### Exercise goal
Show every line of the data below that includes the word "example".

### Material shown
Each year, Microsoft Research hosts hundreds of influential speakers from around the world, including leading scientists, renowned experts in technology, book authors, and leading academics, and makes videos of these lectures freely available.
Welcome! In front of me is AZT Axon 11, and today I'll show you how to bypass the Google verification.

...

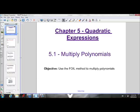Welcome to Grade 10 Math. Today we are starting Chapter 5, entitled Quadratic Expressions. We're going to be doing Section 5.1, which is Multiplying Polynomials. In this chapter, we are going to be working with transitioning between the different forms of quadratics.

---

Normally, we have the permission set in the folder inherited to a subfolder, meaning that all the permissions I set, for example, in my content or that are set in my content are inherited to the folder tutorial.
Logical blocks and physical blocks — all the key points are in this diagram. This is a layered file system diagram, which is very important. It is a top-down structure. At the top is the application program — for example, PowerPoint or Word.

### Result of the task
Normally, we have the permission set in the folder inherited to a subfolder, meaning that all the permissions I set, for example, in my content or that are set in my content are inherited to the folder tutorial.
Logical blocks and physical blocks — all the key points are in this diagram. This is a layered file system diagram, which is very important. It is a top-down structure. At the top is the application program — for example, PowerPoint or Word.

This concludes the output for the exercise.